ARIMA models robustly estimate and forecast the incidence and death of AIDS/HIV, demonstrating the applicable potentials of time series modeling in retrospectively extracting the underlying epidemiology of infectious diseases and prospectively forecast future development trends and patterns. Both long-term annual trends and short-term monthly fluctuations could be appropriately fitted by the established ARIMA models for the data-driven prevention and control of infectious diseases. Additionally, model-predicted outlier peaks could in advance alarm potential outbreaks and prepare for essential intervention. It should be noted that the established ARIMA models were built on historic data, so the models should be continuously updated and optimized when the latest data get released and previously current data now become historic. This could be demonstrated by our interesting observation that the actual death data in the second half of 2017 were substantially higher than the corresponding ARIMA-forecasted values, even surpassing the upper bound of the 95% prediction intervals for the last months of November and December in 2017. This deviation reveals the faster increase in AIDS/HIV death during the latest time range, which is not factored into current ARIMA models (based on 2004–2015 data) but should be updated into future ARIMA models when data in later years of 2016 and so on are included for modeling.

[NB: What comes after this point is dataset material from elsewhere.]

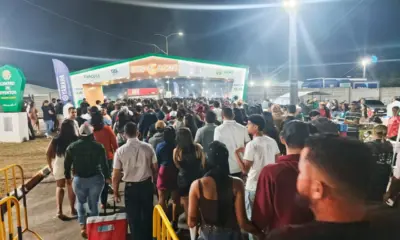 Show de Gusttavo Lima causa engarrafamento e filas na ExpoAcre Juruá
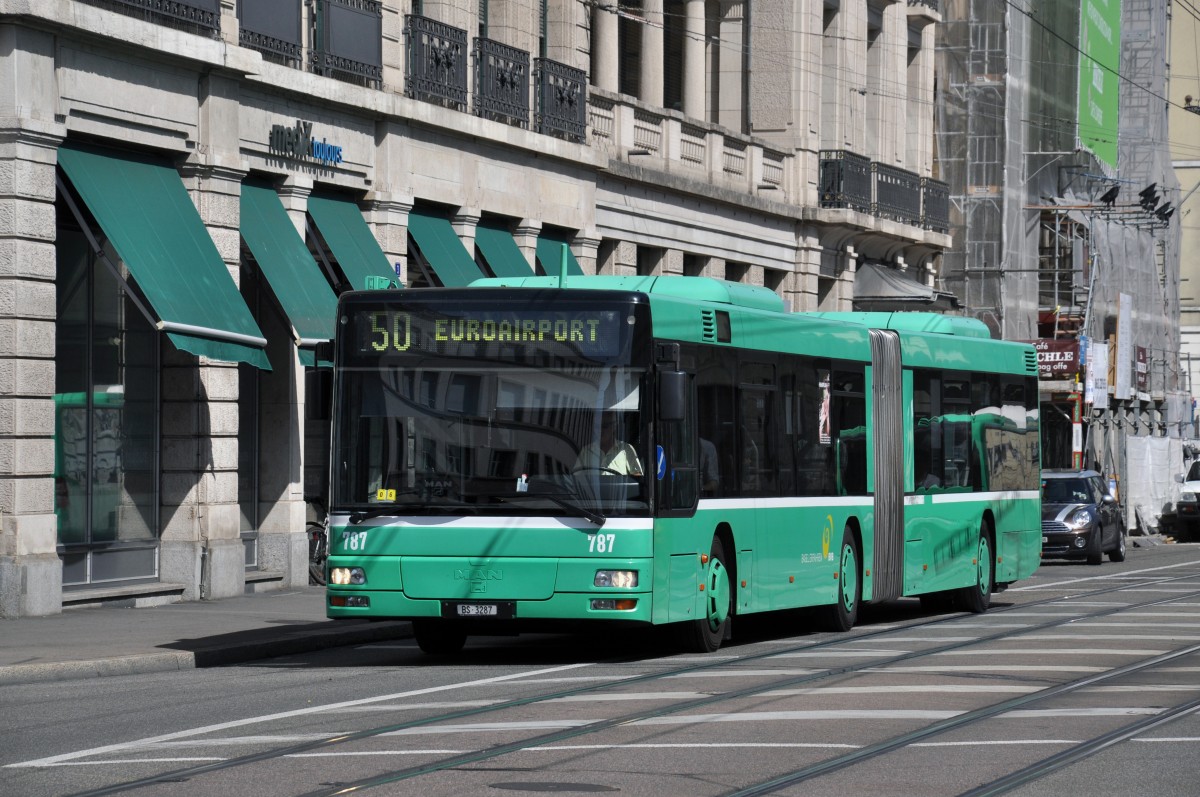 MAN Bus 787 auf der Linie 50 kurz nach dem Bahnhof SBB. Die Aufnahme stammt vom 10.06.2014.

A few imitations lie in this study. First, the most recent incidence and death data on AIDS/HIV in 2018 and 2019 were not yet released in the database by the completion of this manuscript so the established ARIMA models may not be the most accurate for forecasting future trends of AIDS/HIV in China for 2020 and beyond. Second, we analyzed in details on the geographical and age-specific distribution of AIDS/HIV, but other important factors including gender, social status, economic condition, and transmission mode were either not recorded in the National Infectious Disease Surveillance System or not released in the public health database. Analysis stratified on such factors are essential for the better understanding of AIDS/HIV epidemiology in China. Third, ARIMA models are autocorrelation approaches with limited ability to forecast outbreaks that happen in random frequencies. Additionally, just like all predictive models, uncertainty for forecasts grows rapidly with longer years into the future, so cautions should be taken using ARIMA models for long-term forecasting.

Conclusion

Based on the spatial, age-wise, and temporal characteristics of AIDS/HIV epidemiology in China from 2004 to 2017, public health measures should be formulated to focus on the identified hotbed regions and high-risk age groups. ARIMA models fit well with the incidence and death of AIDS/HIV and the model-driven forecasts contribute to evidence-based policy decisions.